Drug use is rife in our society, particularly in the late night economy.  Increasingly drugs are also being used and dealt in pubs.  It is important that licensees and pub staff are aware of the potential problem and the resulting damage to the reputation of the premises and the licence if a drug problem is not tackled.

A problem for the licensee

If you fail to tackle a drug problem in your pub you risk a potential criminal conviction and losing your premises licence.  Under the Misuse of Drugs Act 1971 if the manager of a premises knowingly permits or suffers the production or supply of drugs or the smoking of cannabis on their premises then they are liable to criminal prosecution.  The maximum penalty depends on the class of drug involved. For example, permitting the supply of cocaine on your premises could result in up to 14 years in prison and/or a fine and for ketamine use up to 5 years and/or a fine.  If customers are found using drugs it will almost certainly also result in a licence review. There is the further knock on effect of damage to the brand as a result of bad publicity.

Tackling the problem

The police appreciate what a difficult issue drugs are for publicans and club owners and will work with them to prevent drug use in pubs.  It may be that drugs do get used and dealt on your premises but you will be in a better position to defend yourself as manager and your licence if you can show that you are taking the initiative and working to prevent the problem arising.  The police will take a very dim view of a premises which “turns a blind eye”.

A publican in Biggin Hill was stripped of his licence following a drugs raid where four customers were arrested for possession of cocaine.  Following a full review he was allowed to keep his licence but subject to conditions that he install CCTV, remove all horizontal surfaces from the toilets and work with the police to enforce a robust drugs policy.

To be proactive in the fight against drugs in pubs you should consider the following:

Liaise with police – In some areas police are taking a very pro-active approach to tackling drugs in pubs and are running workshops and seminars to assist.  In some instances the police will swab areas in local pubs and produce a report for the licence holder showing where drugs have been used on the premises.  They will also teach licence holders how to swab and monitor results.  Contact your local police to find out more.

Door supervisors – Where finances permit, a good and well trusted team of door supervisors is crucial in preventing drug dealing on your premises.  In order for searches to be carried out on entry to the premises this fact should be clearly advertised.  Searches can only be carried out with an individual’s consent although entry can be denied to those who refuse to consent.  Any drugs seized should be put in a drug safe until disposed of to police.

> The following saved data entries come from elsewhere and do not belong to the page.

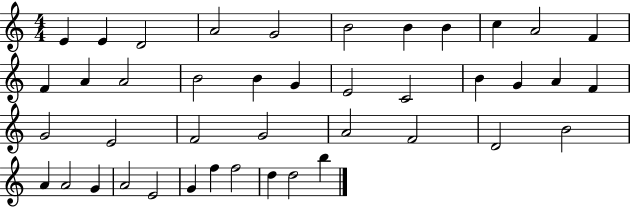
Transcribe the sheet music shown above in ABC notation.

X:1
T:Untitled
M:4/4
L:1/4
K:C
E E D2 A2 G2 B2 B B c A2 F F A A2 B2 B G E2 C2 B G A F G2 E2 F2 G2 A2 F2 D2 B2 A A2 G A2 E2 G f f2 d d2 b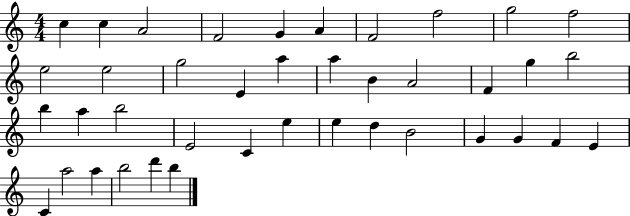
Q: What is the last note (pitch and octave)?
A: B5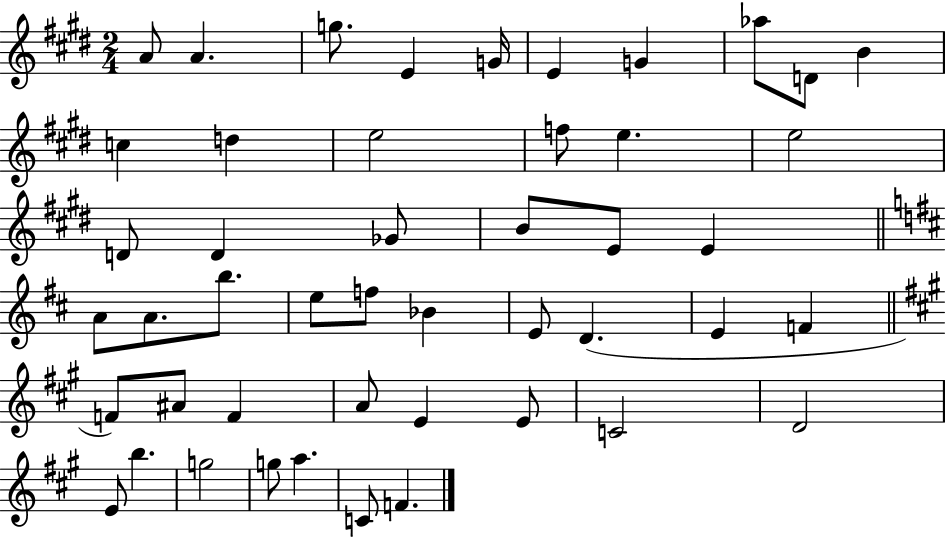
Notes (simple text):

A4/e A4/q. G5/e. E4/q G4/s E4/q G4/q Ab5/e D4/e B4/q C5/q D5/q E5/h F5/e E5/q. E5/h D4/e D4/q Gb4/e B4/e E4/e E4/q A4/e A4/e. B5/e. E5/e F5/e Bb4/q E4/e D4/q. E4/q F4/q F4/e A#4/e F4/q A4/e E4/q E4/e C4/h D4/h E4/e B5/q. G5/h G5/e A5/q. C4/e F4/q.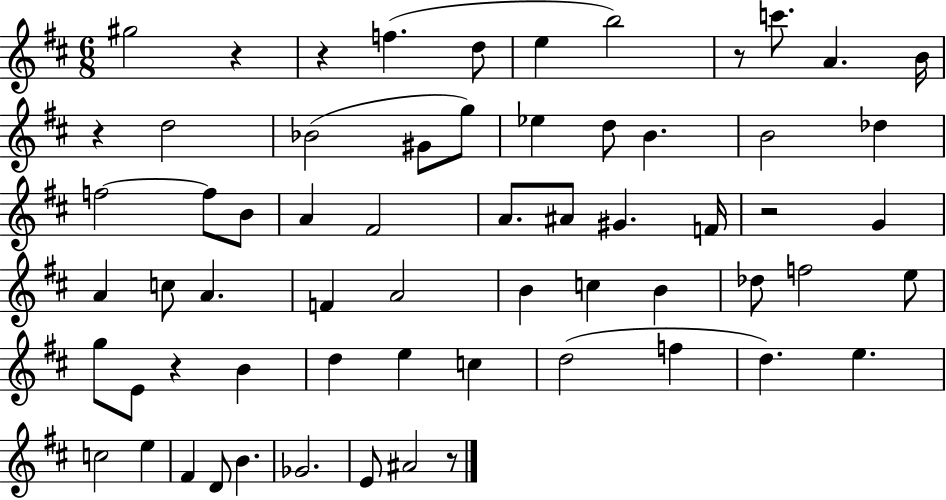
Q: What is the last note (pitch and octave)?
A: A#4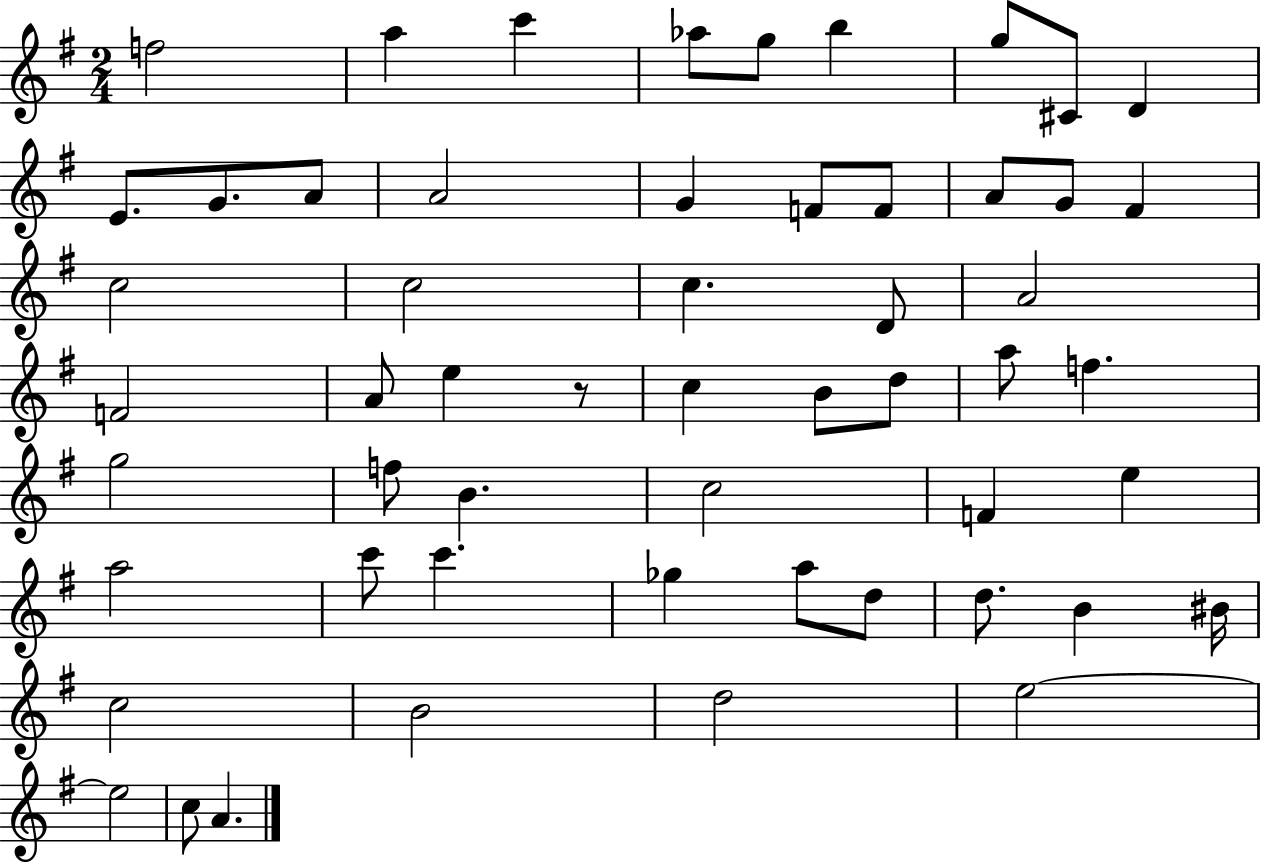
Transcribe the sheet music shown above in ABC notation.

X:1
T:Untitled
M:2/4
L:1/4
K:G
f2 a c' _a/2 g/2 b g/2 ^C/2 D E/2 G/2 A/2 A2 G F/2 F/2 A/2 G/2 ^F c2 c2 c D/2 A2 F2 A/2 e z/2 c B/2 d/2 a/2 f g2 f/2 B c2 F e a2 c'/2 c' _g a/2 d/2 d/2 B ^B/4 c2 B2 d2 e2 e2 c/2 A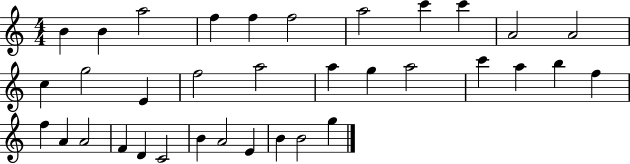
{
  \clef treble
  \numericTimeSignature
  \time 4/4
  \key c \major
  b'4 b'4 a''2 | f''4 f''4 f''2 | a''2 c'''4 c'''4 | a'2 a'2 | \break c''4 g''2 e'4 | f''2 a''2 | a''4 g''4 a''2 | c'''4 a''4 b''4 f''4 | \break f''4 a'4 a'2 | f'4 d'4 c'2 | b'4 a'2 e'4 | b'4 b'2 g''4 | \break \bar "|."
}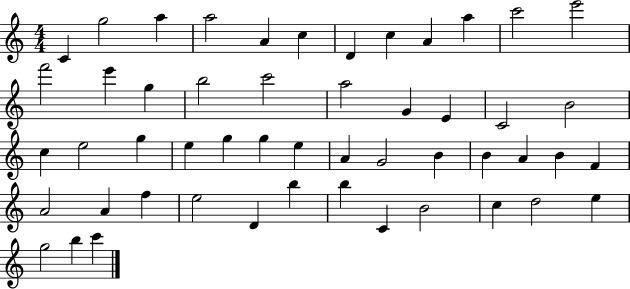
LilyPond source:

{
  \clef treble
  \numericTimeSignature
  \time 4/4
  \key c \major
  c'4 g''2 a''4 | a''2 a'4 c''4 | d'4 c''4 a'4 a''4 | c'''2 e'''2 | \break f'''2 e'''4 g''4 | b''2 c'''2 | a''2 g'4 e'4 | c'2 b'2 | \break c''4 e''2 g''4 | e''4 g''4 g''4 e''4 | a'4 g'2 b'4 | b'4 a'4 b'4 f'4 | \break a'2 a'4 f''4 | e''2 d'4 b''4 | b''4 c'4 b'2 | c''4 d''2 e''4 | \break g''2 b''4 c'''4 | \bar "|."
}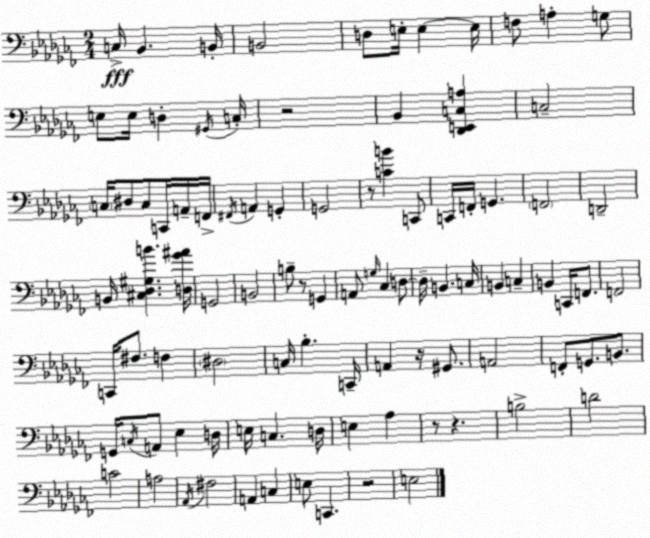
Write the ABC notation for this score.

X:1
T:Untitled
M:2/4
L:1/4
K:Abm
C,/4 _B,, B,,/4 B,,2 D,/2 E,/4 E, E,/4 F,/2 A, G,/2 E,/2 E,/4 D, ^G,,/4 C,/4 z2 _B,, [_D,,E,,C,A,] C,2 C,/4 ^D,/2 C,/2 C,,/4 A,,/4 F,,/4 ^F,,/4 A,, G,, G,,2 z/2 [CB] C,,/2 C,,/4 F,,/4 G,, F,,2 D,,2 B,,/4 [^C,_D,^G,B] [D,_G^A]/4 G,,2 B,,2 B,/2 z/2 G,, A,,/2 G,/4 _C, D,/2 D,/4 B,, C,/4 B,, C, B,, C,,/4 F,,/2 F,,2 C,,/4 ^F,/2 F, ^D,2 C,/4 _B, C,,/4 A,, z/4 ^G,,/2 A,,2 F,,/2 G,,/2 B,,/2 G,,/4 C,/4 A,,/2 _E, D,/4 E,/4 C, D,/4 E, _A, z/2 z B,2 D2 C2 A,2 _A,,/4 ^F,2 A,, C, E,/2 C,, z2 E,2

Keep premises clean – the most effective way of making your premises unattractive to drug dealers and users is to regularly clear glasses, wipe surfaces and to generally be very visible as management.  This shows that you are committed to high service standards and are unlikely to tolerate illegal activity.

CCTV – CCTV can be used and does provide a deterrent when a record of all of those who have entered the premises is kept.  It can be used to cover secluded areas which may be used by drug dealers.  If you use CCTV you must comply with the Data Protection and SIA licensing conditions – see CCTV for monitoring staff and customers  for further details.

Regular toilet supervision – It is important that toilets are supervised if drug taking or dealing has been taking place there.  This will discourage crowds from congregating in the toilet area and remove this as the obvious area to deal drugs.  Ensure that staff who are inspecting are trained in what to do next if they find illegal activity taking place.

Drugs policy – It is not a legal requirement to have a drugs policy however, if you do it will demonstrate that you are committed to tackling drugs in your premises and to operating within the law.  Your policy should also cover psychoactive substances. When drafting the policy you will be forced to consider issues relevant to your premises and how you and your staff can address these.  Staff should be trained in how to implement the policy, such as how to be vigilant in spotting the signs of drug taking or dealing.  The policy should include a procedure for logging all suspicions of drug dealing or taking and a procedure for the secure keeping of any drugs found and their handover to police.  Any search policy will need to be advertised to customers.  It is important to discuss your drugs policy with your local police and to include in the document when the Police should and expect to be called.  See Safer Nightlife (below) guidance on drawing up a drugs policy.

Staff training – staff will need to trained to look for the signs of drug use such as white powder on flat surfaces and torn up beer mats.  The BBPA guide (See below) includes many useful examples of the signs to look out for.

Conclusion

If you are proactive in the fight against drugs in your pub you should be able to discourage users and dealers from using your premises.  If a problem does arise you will be in the best position to spot and tackle it.  If you have established a good relationship with your local police they are likely to be able to assist you by arranging raids with sniffer dogs when you ask them too.

Further guidance

The Home Office have published a useful publication called Safer Nightlife – Best Practice for those concerned about drug use in the night-time economy.

The BBPA have also published guidance entitled Drugs and Pubs.